Reshape the 2D array to 3D since the input to the conv1d must be a 3D array:

In [None]:
all_wave = np.array(all_wave).reshape(-1,8000,1)

**Split into train and validation set**

Next, we will train the model on 80% of the data and validate on the remaining 20%:


In [None]:
from sklearn.model_selection import train_test_split
x_tr, x_val, y_tr, y_val = train_test_split(np.array(all_wave),np.array(y),stratify=y,test_size = 0.2,random_state=777,shuffle=True)

**Model Architecture for this problem**

We will build the speech-to-text model using conv1d. Conv1d is a convolutional neural network which performs the convolution along only one dimension. 

**Model building**

Let us implement the model using Keras functional API.

In [None]:
from keras.layers import Dense, Dropout, Flatten, Conv1D, Input, MaxPooling1D
from keras.models import Model
from keras.callbacks import EarlyStopping, ModelCheckpoint
from keras import backend as K
K.clear_session()

inputs = Input(shape=(8000,1))

#First Conv1D layer
conv = Conv1D(8,13, padding='valid', activation='relu', strides=1)(inputs)
conv = MaxPooling1D(3)(conv)
conv = Dropout(0.3)(conv)

#Second Conv1D layer
conv = Conv1D(16, 11, padding='valid', activation='relu', strides=1)(conv)
conv = MaxPooling1D(3)(conv)
conv = Dropout(0.3)(conv)

#Third Conv1D layer
conv = Conv1D(32, 9, padding='valid', activation='relu', strides=1)(conv)
conv = MaxPooling1D(3)(conv)
conv = Dropout(0.3)(conv)

#Fourth Conv1D layer
conv = Conv1D(64, 7, padding='valid', activation='relu', strides=1)(conv)
conv = MaxPooling1D(3)(conv)
conv = Dropout(0.3)(conv)

#Flatten layer
conv = Flatten()(conv)

#Dense Layer 1
conv = Dense(256, activation='relu')(conv)
conv = Dropout(0.3)(conv)

#Dense Layer 2
conv = Dense(128, activation='relu')(conv)
conv = Dropout(0.3)(conv)

outputs = Dense(len(labels), activation='softmax')(conv)

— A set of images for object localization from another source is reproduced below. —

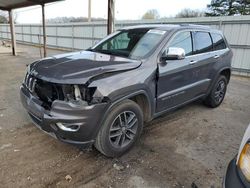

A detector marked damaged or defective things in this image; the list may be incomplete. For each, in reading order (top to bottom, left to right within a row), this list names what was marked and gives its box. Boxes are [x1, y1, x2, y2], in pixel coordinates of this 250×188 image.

crumpled hood [29, 50, 141, 84]
damaged front end [20, 72, 108, 147]
broken front bumper [20, 84, 108, 148]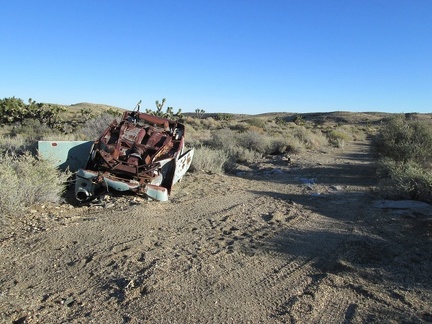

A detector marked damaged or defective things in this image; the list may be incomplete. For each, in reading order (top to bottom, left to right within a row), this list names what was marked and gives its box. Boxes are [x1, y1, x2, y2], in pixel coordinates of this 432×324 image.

rusty car body [38, 109, 194, 201]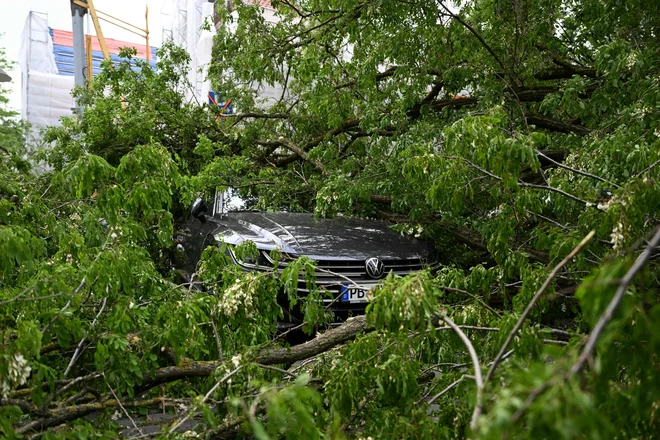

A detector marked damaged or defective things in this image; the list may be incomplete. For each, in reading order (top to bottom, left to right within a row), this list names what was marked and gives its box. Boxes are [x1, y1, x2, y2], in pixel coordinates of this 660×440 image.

damaged vehicle [173, 190, 436, 326]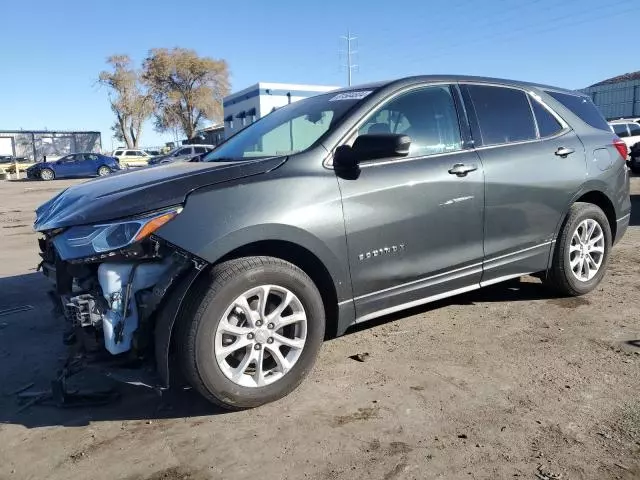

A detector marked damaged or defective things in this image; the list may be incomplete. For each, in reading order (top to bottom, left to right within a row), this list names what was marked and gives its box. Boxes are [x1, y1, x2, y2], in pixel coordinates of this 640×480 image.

broken headlight [52, 205, 182, 260]
damaged chevrolet equinox [37, 76, 632, 408]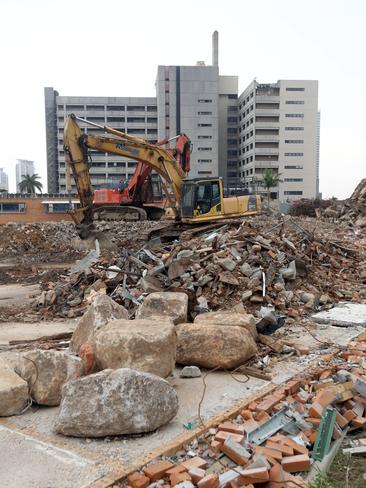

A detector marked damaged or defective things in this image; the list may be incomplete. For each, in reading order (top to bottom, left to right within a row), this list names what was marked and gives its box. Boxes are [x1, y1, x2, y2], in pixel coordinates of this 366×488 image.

broken concrete block [0, 356, 28, 418]
broken concrete block [17, 348, 82, 406]
broken concrete block [69, 292, 128, 352]
broken concrete block [54, 368, 179, 436]
broken concrete block [93, 316, 175, 378]
broken concrete block [137, 292, 189, 326]
broken concrete block [179, 364, 202, 380]
broken concrete block [175, 324, 256, 370]
broken concrete block [194, 312, 258, 340]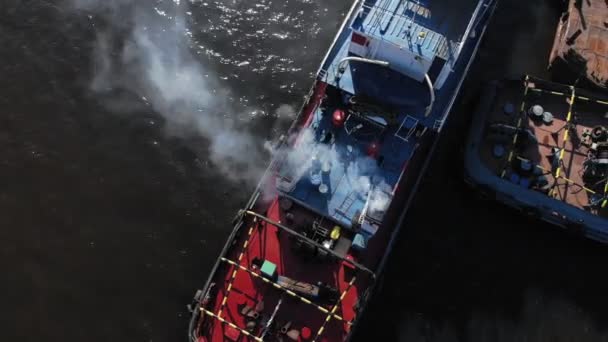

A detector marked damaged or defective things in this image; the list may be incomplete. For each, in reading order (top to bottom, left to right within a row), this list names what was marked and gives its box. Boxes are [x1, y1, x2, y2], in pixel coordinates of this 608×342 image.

rusty metal surface [548, 0, 608, 89]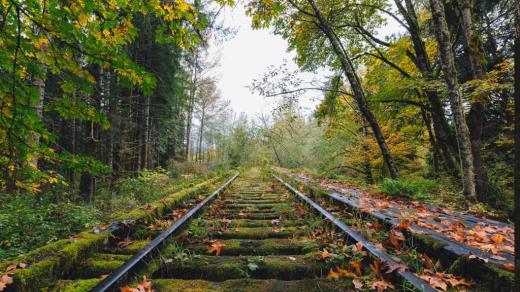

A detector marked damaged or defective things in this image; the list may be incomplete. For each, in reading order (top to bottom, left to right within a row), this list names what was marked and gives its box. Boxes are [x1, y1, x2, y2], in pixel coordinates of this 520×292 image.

model = Model(inputs, outputs)
model.summary()

Define the loss function to be categorical cross-entropy since it is a multi-classification problem:

In [None]:
model.compile(loss='categorical_crossentropy',optimizer='adam',metrics=['accuracy'])

Early stopping and model checkpoints are the callbacks to stop training the neural network at the right time and to save the best model after every epoch:

In [None]:
es = EarlyStopping(monitor='val_loss', mode='min', verbose=1, patience=5, min_delta=0.0001) 
mc = ModelCheckpoint('best_model.hdf5', monitor='val_acc', verbose=1, save_best_only=True, mode='max')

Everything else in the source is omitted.